After nearly two hours of deliberations, a 12-person jury found Daron Harrell, 35, guilty of first degree-murder in the 2018 fatal shooting of 36-year-old Kevin Lamar Stevens.

WEST PALM BEACH — Keith Edwards stepped up to the courtroom podium with his wife, Sharon, on Friday afternoon and spoke directly to the 35-year-old man who witnesses, West Palm Beach police and a 12-person jury say shot and killed his son, Kevin Lamar Stevens.


He explained that being in court was just as difficult as the day he got the news his 36-year-old son was killed. Even though his son’s life was gone because of Daron Harrell, and Harrell would likely spend the rest of his life in prison, Edwards wanted him to know his life mattered, too.
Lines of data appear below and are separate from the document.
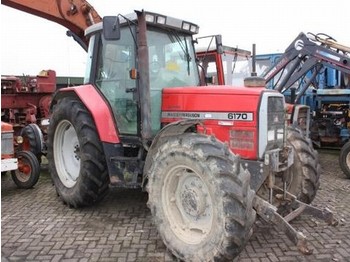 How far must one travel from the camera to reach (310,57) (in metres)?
8.09

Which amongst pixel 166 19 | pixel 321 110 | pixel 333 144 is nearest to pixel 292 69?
pixel 321 110

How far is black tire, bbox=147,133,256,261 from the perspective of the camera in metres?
3.16

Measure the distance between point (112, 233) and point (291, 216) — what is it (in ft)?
6.23

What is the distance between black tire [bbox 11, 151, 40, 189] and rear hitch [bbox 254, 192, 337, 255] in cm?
399

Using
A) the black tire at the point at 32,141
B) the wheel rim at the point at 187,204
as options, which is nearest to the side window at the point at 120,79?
the wheel rim at the point at 187,204

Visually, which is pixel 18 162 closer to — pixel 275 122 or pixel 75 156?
pixel 75 156

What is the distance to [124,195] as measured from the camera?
Result: 5734 mm

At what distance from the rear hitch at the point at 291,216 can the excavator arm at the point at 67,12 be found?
15.6 feet

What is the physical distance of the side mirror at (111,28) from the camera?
13.2 feet

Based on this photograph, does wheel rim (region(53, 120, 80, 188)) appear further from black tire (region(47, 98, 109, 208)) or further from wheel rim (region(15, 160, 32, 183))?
wheel rim (region(15, 160, 32, 183))

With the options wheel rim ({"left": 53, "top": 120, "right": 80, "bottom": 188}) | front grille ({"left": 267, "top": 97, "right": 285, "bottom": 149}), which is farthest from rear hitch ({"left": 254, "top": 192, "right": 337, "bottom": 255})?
wheel rim ({"left": 53, "top": 120, "right": 80, "bottom": 188})

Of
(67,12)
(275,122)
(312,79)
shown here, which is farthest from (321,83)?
(275,122)

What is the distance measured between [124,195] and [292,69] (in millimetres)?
4816

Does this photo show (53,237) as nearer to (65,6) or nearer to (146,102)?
(146,102) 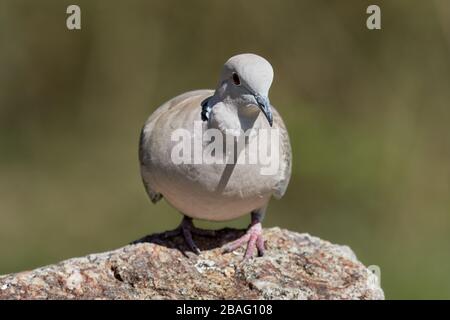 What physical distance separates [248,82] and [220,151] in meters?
0.48

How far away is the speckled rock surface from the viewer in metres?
4.89

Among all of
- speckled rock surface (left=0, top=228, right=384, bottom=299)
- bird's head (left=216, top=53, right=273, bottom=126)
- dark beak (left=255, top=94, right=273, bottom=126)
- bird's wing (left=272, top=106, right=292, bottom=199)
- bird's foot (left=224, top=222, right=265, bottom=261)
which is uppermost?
A: bird's head (left=216, top=53, right=273, bottom=126)

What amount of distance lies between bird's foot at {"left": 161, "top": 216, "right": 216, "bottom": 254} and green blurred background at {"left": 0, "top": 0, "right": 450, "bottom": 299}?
3.07 metres

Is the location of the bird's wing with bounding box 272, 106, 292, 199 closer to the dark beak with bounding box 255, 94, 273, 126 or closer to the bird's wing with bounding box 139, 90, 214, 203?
the bird's wing with bounding box 139, 90, 214, 203

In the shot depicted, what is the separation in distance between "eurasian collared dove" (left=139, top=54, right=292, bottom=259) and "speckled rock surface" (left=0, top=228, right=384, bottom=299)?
141mm

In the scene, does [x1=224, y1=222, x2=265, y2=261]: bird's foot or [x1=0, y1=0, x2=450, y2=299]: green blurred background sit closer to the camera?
[x1=224, y1=222, x2=265, y2=261]: bird's foot

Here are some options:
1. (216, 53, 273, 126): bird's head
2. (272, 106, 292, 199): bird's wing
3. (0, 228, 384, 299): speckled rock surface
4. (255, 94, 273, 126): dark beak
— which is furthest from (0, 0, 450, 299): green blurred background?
(255, 94, 273, 126): dark beak

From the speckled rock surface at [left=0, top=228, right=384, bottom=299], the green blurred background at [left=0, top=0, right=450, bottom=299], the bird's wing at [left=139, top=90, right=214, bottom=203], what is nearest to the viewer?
the speckled rock surface at [left=0, top=228, right=384, bottom=299]

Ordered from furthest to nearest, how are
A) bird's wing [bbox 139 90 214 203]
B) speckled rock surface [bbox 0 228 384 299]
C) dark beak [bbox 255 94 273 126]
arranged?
bird's wing [bbox 139 90 214 203]
speckled rock surface [bbox 0 228 384 299]
dark beak [bbox 255 94 273 126]

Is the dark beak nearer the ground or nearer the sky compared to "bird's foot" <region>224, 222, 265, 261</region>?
nearer the sky

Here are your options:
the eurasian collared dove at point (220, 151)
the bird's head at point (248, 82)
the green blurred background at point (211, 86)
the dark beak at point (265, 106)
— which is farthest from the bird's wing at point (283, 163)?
the green blurred background at point (211, 86)

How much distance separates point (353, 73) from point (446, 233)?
1.77 m
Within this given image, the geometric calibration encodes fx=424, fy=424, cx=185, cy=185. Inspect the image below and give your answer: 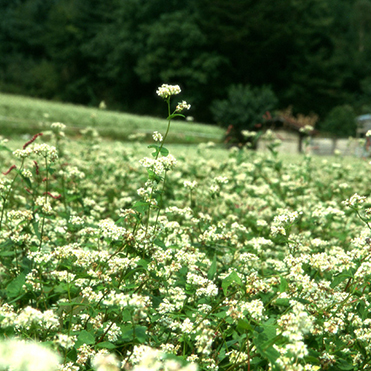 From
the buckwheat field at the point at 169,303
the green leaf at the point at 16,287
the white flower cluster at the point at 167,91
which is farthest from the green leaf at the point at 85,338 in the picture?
the white flower cluster at the point at 167,91

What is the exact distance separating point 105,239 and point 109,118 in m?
16.9

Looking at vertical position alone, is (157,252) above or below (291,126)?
below

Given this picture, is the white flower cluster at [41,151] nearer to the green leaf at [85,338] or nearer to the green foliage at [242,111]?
the green leaf at [85,338]

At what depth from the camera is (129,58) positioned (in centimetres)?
4016

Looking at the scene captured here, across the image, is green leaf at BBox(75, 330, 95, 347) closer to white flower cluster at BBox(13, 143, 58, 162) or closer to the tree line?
white flower cluster at BBox(13, 143, 58, 162)

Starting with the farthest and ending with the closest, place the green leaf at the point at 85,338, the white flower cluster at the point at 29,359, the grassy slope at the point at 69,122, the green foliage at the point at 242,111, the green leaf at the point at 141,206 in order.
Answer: the green foliage at the point at 242,111
the grassy slope at the point at 69,122
the green leaf at the point at 141,206
the green leaf at the point at 85,338
the white flower cluster at the point at 29,359

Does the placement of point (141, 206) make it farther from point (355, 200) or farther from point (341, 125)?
point (341, 125)

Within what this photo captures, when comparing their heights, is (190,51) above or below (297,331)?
above

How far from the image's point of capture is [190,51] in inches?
1457

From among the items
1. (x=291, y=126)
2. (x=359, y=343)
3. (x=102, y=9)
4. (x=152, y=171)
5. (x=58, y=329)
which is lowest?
(x=58, y=329)

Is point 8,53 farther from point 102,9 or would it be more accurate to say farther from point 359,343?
point 359,343

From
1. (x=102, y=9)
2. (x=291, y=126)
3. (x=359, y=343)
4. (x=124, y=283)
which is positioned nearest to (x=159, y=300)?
(x=124, y=283)

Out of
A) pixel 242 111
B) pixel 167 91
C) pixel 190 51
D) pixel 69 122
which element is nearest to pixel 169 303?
pixel 167 91

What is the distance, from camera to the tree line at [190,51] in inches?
1433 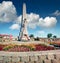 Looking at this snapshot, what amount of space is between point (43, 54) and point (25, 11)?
30.3 metres

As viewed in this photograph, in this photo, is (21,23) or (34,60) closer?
(34,60)

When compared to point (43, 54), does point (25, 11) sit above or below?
above

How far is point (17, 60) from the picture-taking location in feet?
26.7

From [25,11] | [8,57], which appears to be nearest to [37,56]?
[8,57]

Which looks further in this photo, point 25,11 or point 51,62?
point 25,11

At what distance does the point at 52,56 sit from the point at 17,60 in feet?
6.44

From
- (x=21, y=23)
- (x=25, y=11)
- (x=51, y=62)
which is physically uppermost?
(x=25, y=11)

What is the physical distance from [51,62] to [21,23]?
A: 101 ft

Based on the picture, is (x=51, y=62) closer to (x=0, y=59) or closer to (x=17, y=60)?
(x=17, y=60)

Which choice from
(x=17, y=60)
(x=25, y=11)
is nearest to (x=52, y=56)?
(x=17, y=60)

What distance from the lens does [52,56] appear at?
8.45 m

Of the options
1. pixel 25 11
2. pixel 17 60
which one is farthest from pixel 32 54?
pixel 25 11

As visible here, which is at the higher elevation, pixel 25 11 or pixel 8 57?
pixel 25 11

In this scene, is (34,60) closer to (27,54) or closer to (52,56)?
(27,54) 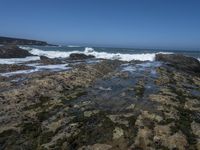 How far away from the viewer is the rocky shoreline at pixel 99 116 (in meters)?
6.82

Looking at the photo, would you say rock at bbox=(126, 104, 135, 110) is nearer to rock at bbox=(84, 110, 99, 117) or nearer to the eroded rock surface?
the eroded rock surface

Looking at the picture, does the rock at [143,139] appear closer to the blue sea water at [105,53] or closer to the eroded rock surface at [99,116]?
the eroded rock surface at [99,116]

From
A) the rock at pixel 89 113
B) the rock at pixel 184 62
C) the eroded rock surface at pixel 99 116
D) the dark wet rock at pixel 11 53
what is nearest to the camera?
the eroded rock surface at pixel 99 116

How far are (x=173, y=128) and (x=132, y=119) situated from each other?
1.22 m

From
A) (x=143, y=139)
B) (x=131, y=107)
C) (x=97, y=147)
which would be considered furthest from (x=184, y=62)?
(x=97, y=147)

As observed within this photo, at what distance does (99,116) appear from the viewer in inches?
328

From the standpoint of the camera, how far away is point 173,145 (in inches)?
261

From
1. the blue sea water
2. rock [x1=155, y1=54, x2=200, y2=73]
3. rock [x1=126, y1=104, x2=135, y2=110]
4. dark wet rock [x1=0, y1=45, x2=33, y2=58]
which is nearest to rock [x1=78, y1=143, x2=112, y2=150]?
rock [x1=126, y1=104, x2=135, y2=110]

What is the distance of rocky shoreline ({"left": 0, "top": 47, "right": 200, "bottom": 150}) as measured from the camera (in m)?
6.82

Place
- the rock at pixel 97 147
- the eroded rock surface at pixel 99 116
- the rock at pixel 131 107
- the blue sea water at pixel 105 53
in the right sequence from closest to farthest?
1. the rock at pixel 97 147
2. the eroded rock surface at pixel 99 116
3. the rock at pixel 131 107
4. the blue sea water at pixel 105 53

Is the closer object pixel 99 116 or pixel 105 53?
pixel 99 116

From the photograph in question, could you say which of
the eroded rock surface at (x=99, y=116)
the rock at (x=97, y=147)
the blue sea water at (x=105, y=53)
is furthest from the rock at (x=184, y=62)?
the rock at (x=97, y=147)

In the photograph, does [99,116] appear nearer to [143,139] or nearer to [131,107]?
[131,107]

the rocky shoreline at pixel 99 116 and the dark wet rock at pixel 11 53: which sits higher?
the rocky shoreline at pixel 99 116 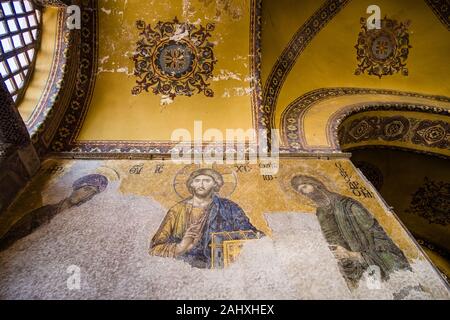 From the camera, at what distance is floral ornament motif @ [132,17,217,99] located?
197 inches

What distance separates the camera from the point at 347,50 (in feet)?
19.5

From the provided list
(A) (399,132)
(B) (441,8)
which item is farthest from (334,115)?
(B) (441,8)

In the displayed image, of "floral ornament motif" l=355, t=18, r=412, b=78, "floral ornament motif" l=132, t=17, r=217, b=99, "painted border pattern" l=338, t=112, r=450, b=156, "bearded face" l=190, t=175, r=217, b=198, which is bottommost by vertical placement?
"bearded face" l=190, t=175, r=217, b=198

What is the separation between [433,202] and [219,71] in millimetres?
5417

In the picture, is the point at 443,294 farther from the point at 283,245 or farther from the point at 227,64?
the point at 227,64

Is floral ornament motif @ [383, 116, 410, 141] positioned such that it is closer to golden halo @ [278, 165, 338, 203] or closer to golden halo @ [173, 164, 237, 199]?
golden halo @ [278, 165, 338, 203]

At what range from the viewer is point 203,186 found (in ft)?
12.6

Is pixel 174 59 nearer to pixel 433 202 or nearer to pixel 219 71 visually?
pixel 219 71

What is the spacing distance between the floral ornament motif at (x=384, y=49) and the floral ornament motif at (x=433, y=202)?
95.7 inches

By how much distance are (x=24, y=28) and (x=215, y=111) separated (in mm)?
2864

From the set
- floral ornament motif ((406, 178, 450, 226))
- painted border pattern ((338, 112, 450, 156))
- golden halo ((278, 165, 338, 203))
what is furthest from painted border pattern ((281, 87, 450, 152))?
floral ornament motif ((406, 178, 450, 226))

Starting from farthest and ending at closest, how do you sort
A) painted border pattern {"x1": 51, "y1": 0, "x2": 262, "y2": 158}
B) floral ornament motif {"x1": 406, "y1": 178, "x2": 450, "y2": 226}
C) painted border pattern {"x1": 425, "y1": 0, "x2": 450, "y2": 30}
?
floral ornament motif {"x1": 406, "y1": 178, "x2": 450, "y2": 226}
painted border pattern {"x1": 425, "y1": 0, "x2": 450, "y2": 30}
painted border pattern {"x1": 51, "y1": 0, "x2": 262, "y2": 158}

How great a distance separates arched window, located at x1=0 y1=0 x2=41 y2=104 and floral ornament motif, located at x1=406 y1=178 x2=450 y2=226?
747 cm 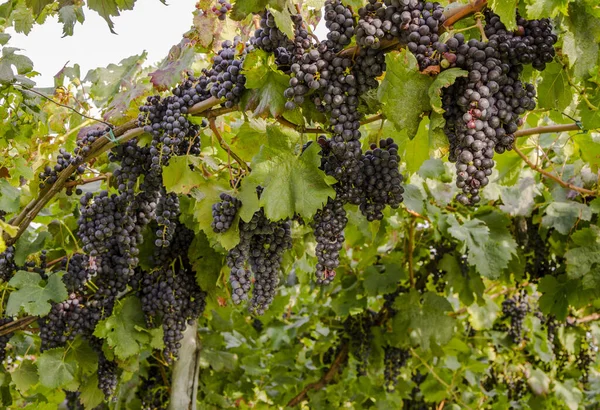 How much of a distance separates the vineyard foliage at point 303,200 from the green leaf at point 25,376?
1cm

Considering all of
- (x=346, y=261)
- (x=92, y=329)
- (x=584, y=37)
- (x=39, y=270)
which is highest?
(x=584, y=37)

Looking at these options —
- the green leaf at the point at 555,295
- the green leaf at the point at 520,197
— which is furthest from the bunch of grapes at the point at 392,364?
the green leaf at the point at 520,197

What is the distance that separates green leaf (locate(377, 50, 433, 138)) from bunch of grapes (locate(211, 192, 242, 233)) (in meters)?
0.61

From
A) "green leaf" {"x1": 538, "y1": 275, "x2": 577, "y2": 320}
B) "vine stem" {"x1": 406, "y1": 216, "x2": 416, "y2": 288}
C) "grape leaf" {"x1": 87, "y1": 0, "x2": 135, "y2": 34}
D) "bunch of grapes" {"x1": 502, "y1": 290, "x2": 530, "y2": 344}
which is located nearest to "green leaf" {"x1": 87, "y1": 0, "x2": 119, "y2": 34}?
"grape leaf" {"x1": 87, "y1": 0, "x2": 135, "y2": 34}

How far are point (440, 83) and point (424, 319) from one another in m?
2.50

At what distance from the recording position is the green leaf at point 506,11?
1.35 meters

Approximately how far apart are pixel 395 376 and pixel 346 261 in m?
0.83

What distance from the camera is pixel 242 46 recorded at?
1885 millimetres

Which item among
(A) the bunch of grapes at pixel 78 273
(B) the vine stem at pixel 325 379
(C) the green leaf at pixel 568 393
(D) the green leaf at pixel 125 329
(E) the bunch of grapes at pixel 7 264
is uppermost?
(E) the bunch of grapes at pixel 7 264

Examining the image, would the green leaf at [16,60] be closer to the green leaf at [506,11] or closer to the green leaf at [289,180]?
the green leaf at [289,180]

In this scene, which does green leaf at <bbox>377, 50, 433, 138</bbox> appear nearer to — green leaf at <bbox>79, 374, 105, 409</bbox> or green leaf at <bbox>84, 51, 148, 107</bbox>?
green leaf at <bbox>84, 51, 148, 107</bbox>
"Keep your head up and move forward with the perspective that you living means something," he said. "Your life is purposeful."


After nearly two hours of deliberations Friday, jurors found Harrell guilty of first-degree murder in the May 5, 2018, fatal shooting of Stevens, a father of three, a barber, an artist and an Orlando native, according to family members.


Though Harrell will be sentenced to the mandatory term of life in prison that comes with a first-degree murder conviction, his attorneys, Josie James and Jaianna Seaborne, asked that he be sentenced at a later date so his family could attend. Circuit Judge Kirk Volker set a court date for April 21.


The jury also found Harrell guilty of being a felon in possession of a weapon.


Prosecutors said Harrell previously was convicted of attempted-second degree murder in Maryland and was placed on parole.


Outside of court, after taking time to hug both the prosecutors and defense attorneys with his wife, Keith Edwards said everyone makes mistakes.


"It speaks to the fact that God gave him a purpose and he had a choice, just like my son," he said.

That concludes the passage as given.